- Cromwell Township Location within the state of Minnesota Cromwell Township Cromwell Township (the United States)
- Coordinates: 46°56′31″N 96°21′13″W﻿ / ﻿46.94194°N 96.35361°W
- Country: United States
- State: Minnesota
- County: Clay

Area
- • Total: 33.7 sq mi (87.3 km^{2})
- • Land: 33.3 sq mi (86.2 km^{2})
- • Water: 0.42 sq mi (1.1 km^{2})
- Elevation: 1,161 ft (354 m)

Population (2000)
- • Total: 323
- • Density: 9.6/sq mi (3.7/km^{2})
- Time zone: UTC-6 (Central (CST))
- • Summer (DST): UTC-5 (CDT)
- FIPS code: 27-13798
- GNIS feature ID: 0663889

= Cromwell Township, Clay County, Minnesota =

Township in Minnesota, United States

Cromwell Township is a township in Clay County, Minnesota, United States. The population was 323 at the 2000 census.

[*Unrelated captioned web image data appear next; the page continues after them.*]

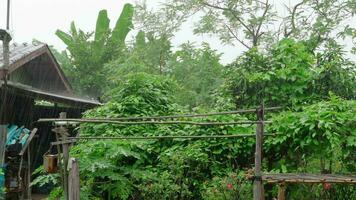 esso era pioggia e il cielo era nuvoloso a il campagna giardino Casa nel il province. Là erano verde alberi in giro il Casa video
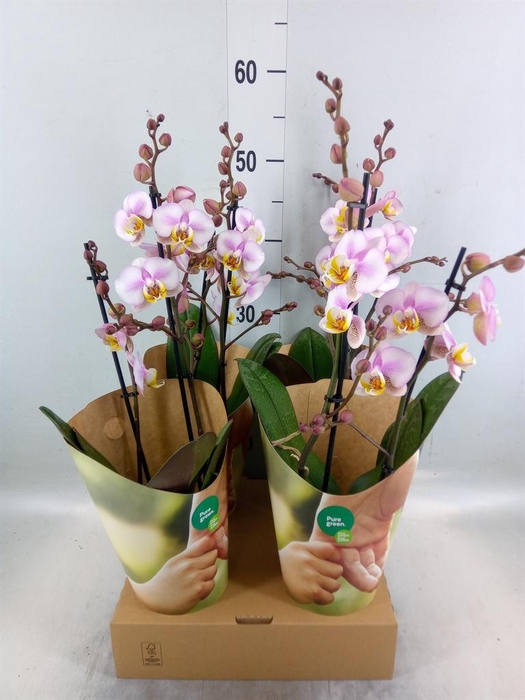 <h4>Phalaenopsis  'Corolla Beach'</h4>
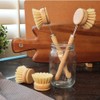 Eco Basics Plastic Free Dish Brush - 22x4x6cm, Bamboo Handle,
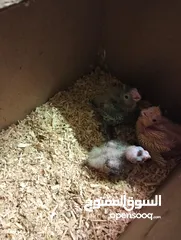  7 جوز كوكتيل مع 3 فراخ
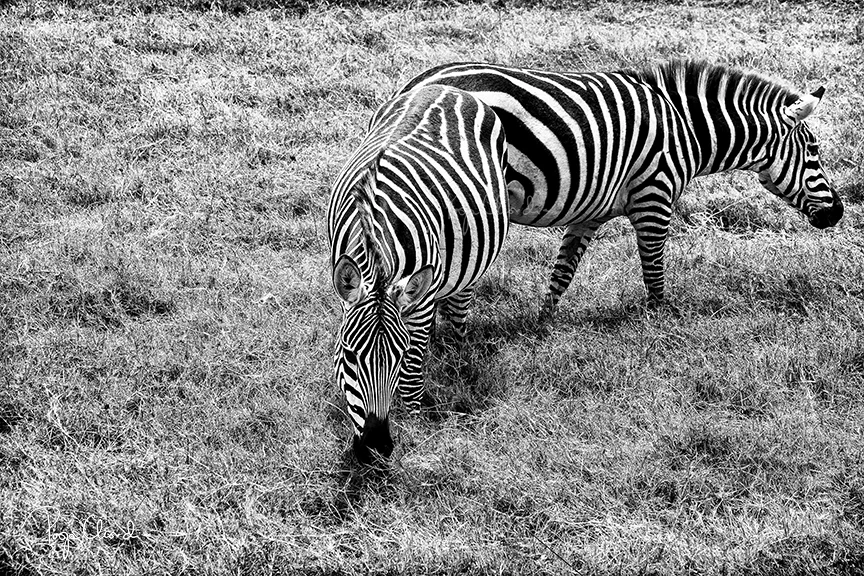 15 - Conjoined Twins? - Ngorongoro Crater
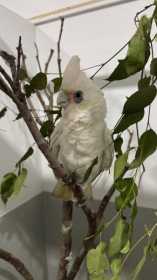 Found Corella Cockatoo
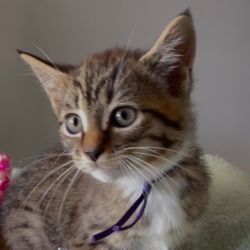 Female Domestic Short Hair (DSH) Cat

Cromwell Township was named for Oliver Cromwell, a 17th-century English military and political leader.

==Geography==
According to the United States Census Bureau, the township has a total area of 33.7 sqmi, of which 33.3 sqmi is land and 0.4 sqmi (1.25%) is water.

==Demographics==
As of the census of 2000, there were 323 people, 108 households, and 92 families residing in the township. The population density was 9.7 PD/sqmi. There were 111 housing units at an average density of 3.3 /sqmi. The racial makeup of the township was 100.00% White. Hispanic or Latino of any race were 0.31% of the population.

There were 108 households, out of which 40.7% had children under the age of 18 living with them, 75.0% were married couples living together, 6.5% had a female householder with no husband present, and 13.9% were non-families. 11.1% of all households were made up of individuals, and 6.5% had someone living alone who was 65 years of age or older. The average household size was 2.99 and the average family size was 3.17.

In the township the population was spread out, with 30.0% under the age of 18, 7.1% from 18 to 24, 27.9% from 25 to 44, 26.6% from 45 to 64, and 8.4% who were 65 years of age or older. The median age was 37 years. For every 100 females, there were 108.4 males. For every 100 females age 18 and over, there were 111.2 males.

The median income for a household in the township was $47,292, and the median income for a family was $47,708. Males had a median income of $32,083 versus $21,250 for females. The per capita income for the township was $20,993. About 4.1% of families and 4.3% of the population were below the poverty line, including 4.9% of those under age 18 and 14.3% of those age 65 or over.